■ Task objective: Write out the entries below exactly, but only from the line containing "So this is how" through the line containing "Learning to recognise", and without the pictures.

■ Record excerpts:
——————————

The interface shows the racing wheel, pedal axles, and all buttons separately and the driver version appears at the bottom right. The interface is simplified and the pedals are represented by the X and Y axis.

——————————

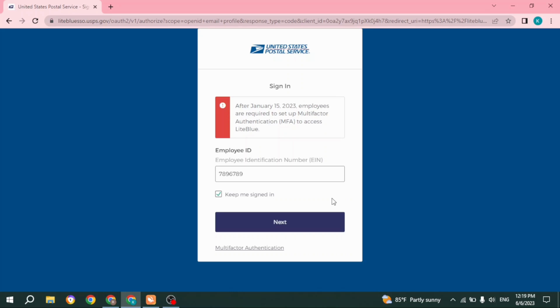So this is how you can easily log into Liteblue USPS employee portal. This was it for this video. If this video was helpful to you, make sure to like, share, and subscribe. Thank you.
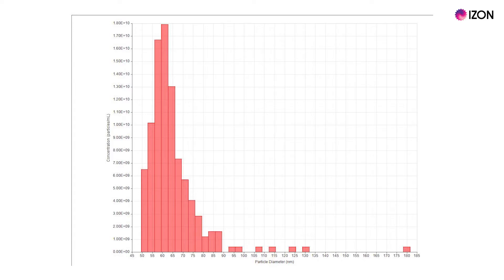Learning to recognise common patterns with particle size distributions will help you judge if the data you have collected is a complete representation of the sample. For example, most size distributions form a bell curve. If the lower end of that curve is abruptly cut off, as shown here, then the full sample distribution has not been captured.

——————————

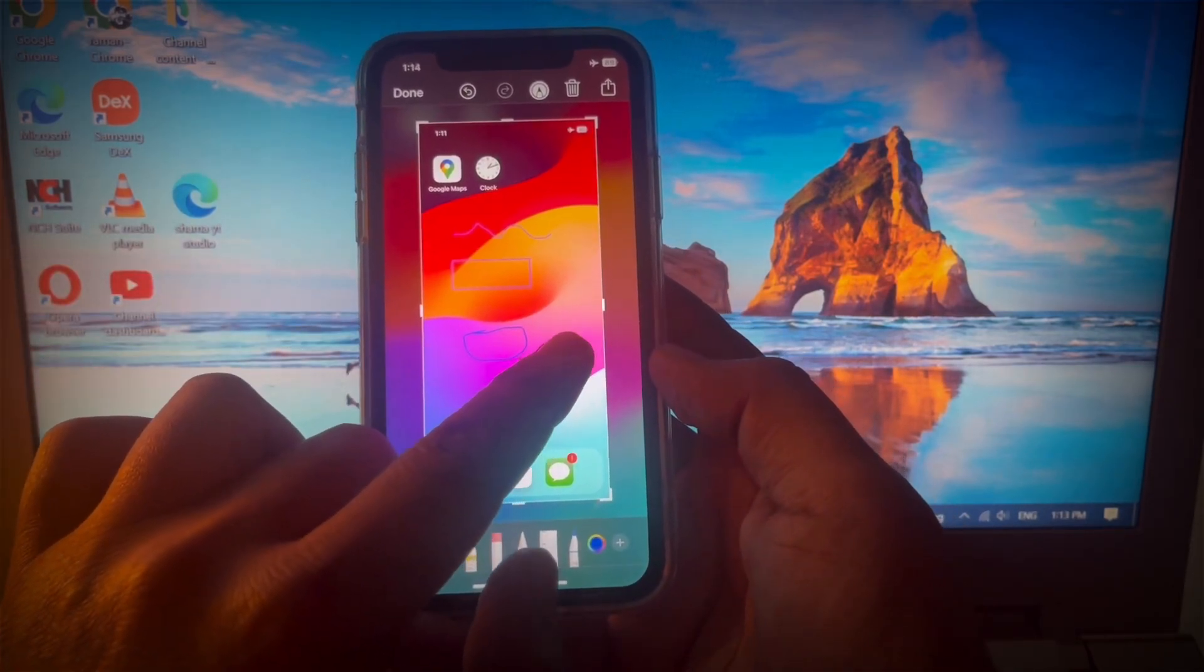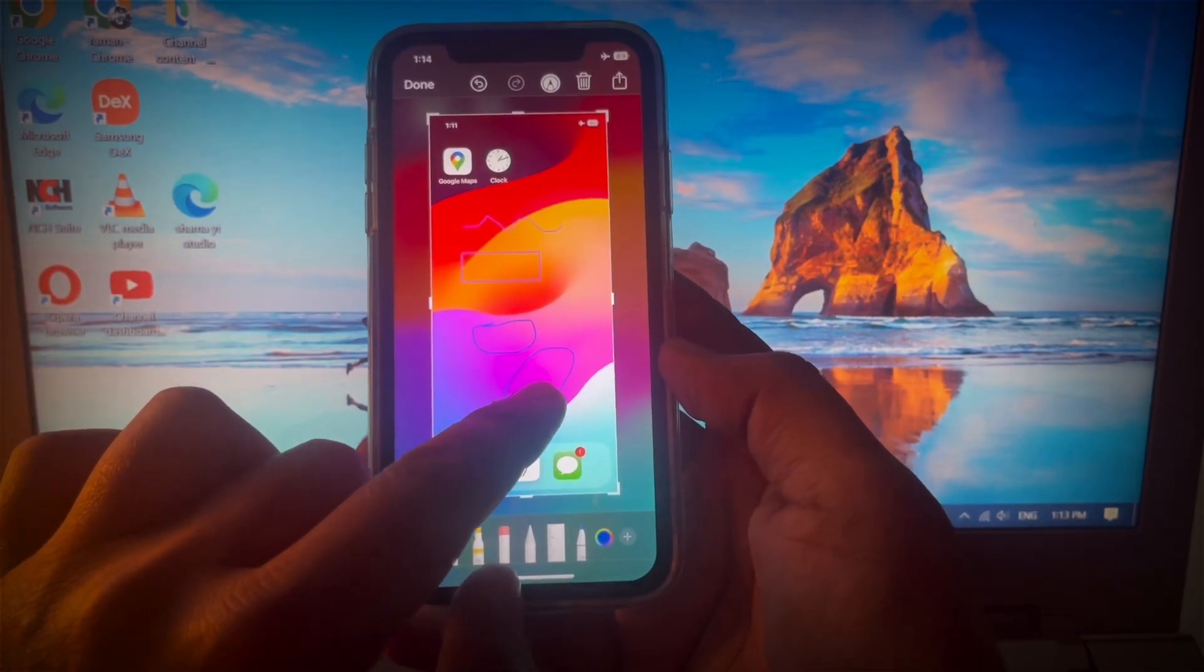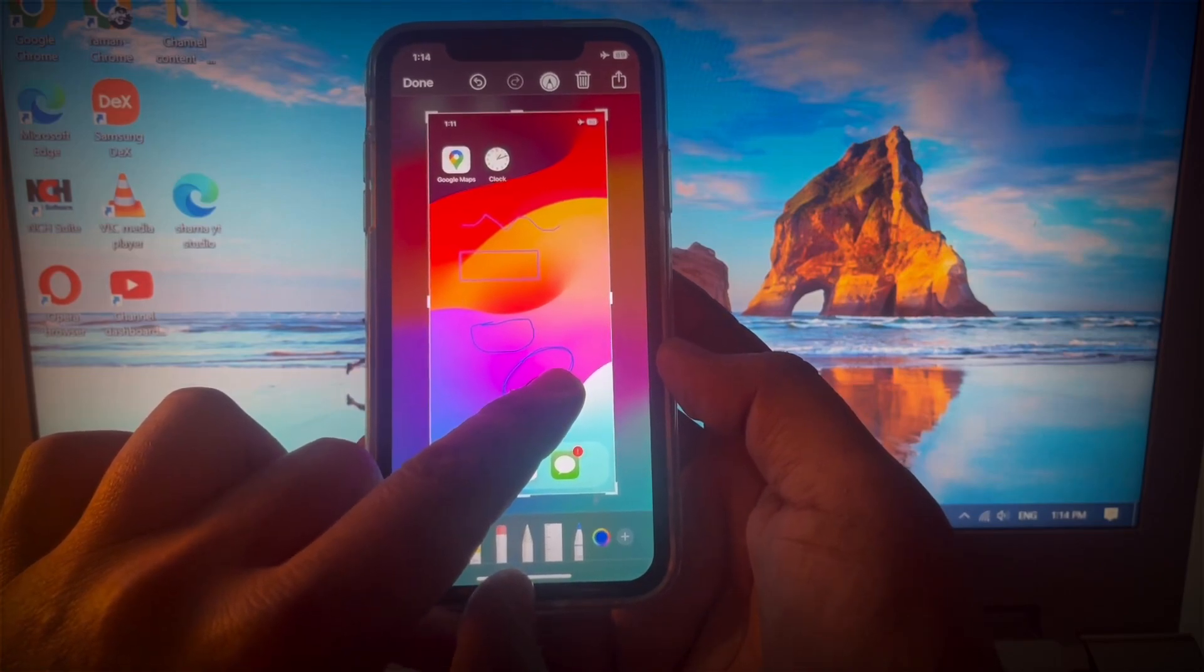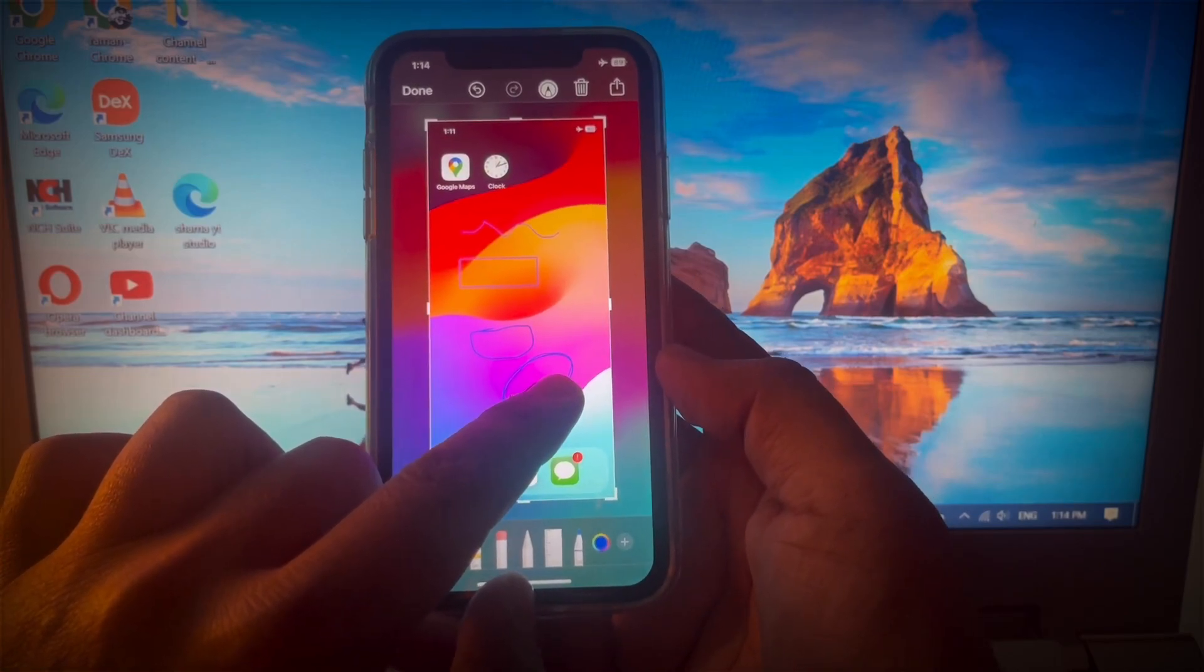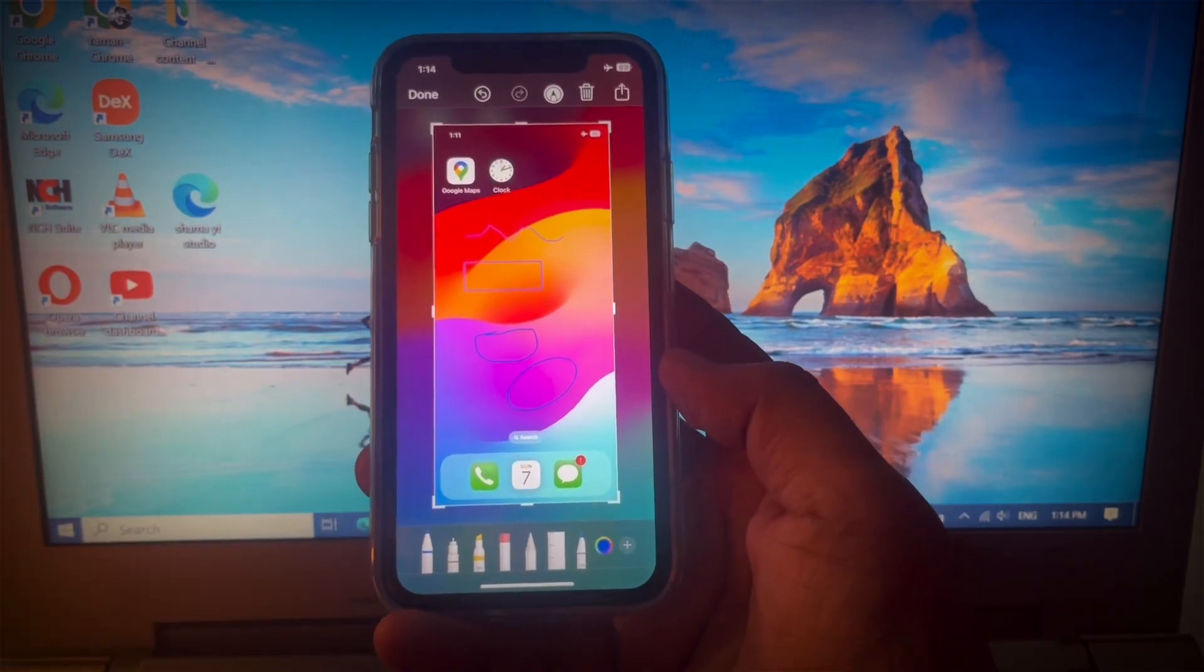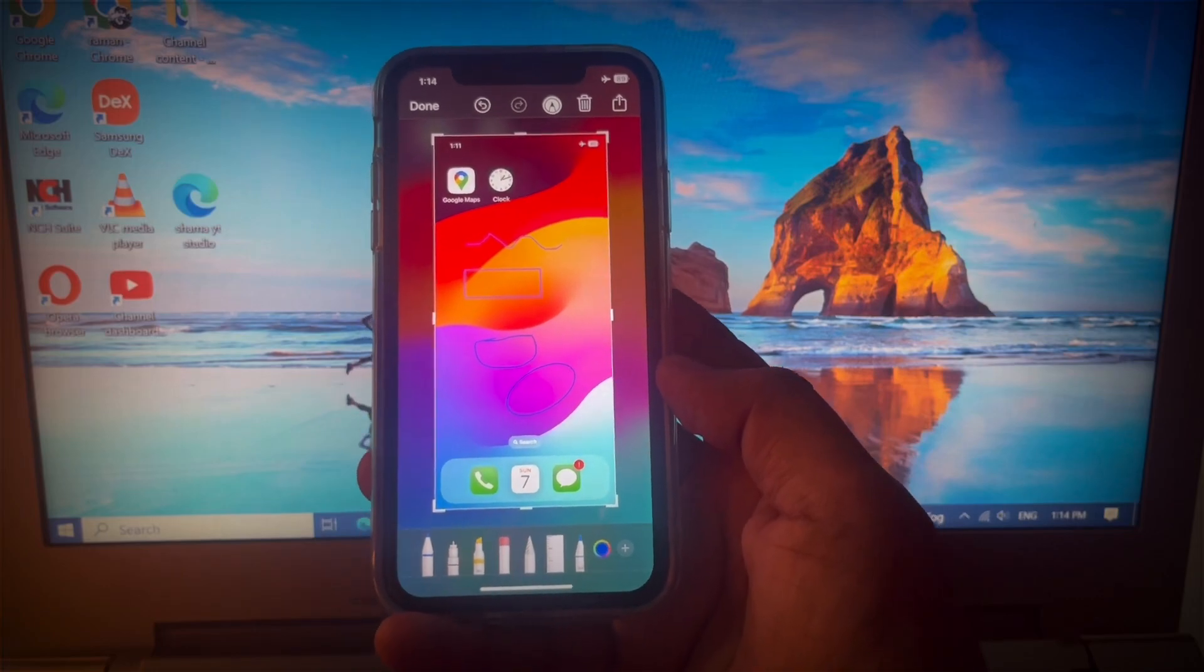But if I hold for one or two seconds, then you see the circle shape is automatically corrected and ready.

——————————

■ Response for this exercise:
So this is how you can easily log into Liteblue USPS employee portal. This was it for this video. If this video was helpful to you, make sure to like, share, and subscribe. Thank you.
Learning to recognise common patterns with particle size distributions will help you judge if the data you have collected is a complete representation of the sample. For example, most size distributions form a bell curve. If the lower end of that curve is abruptly cut off, as shown here, then the full sample distribution has not been captured.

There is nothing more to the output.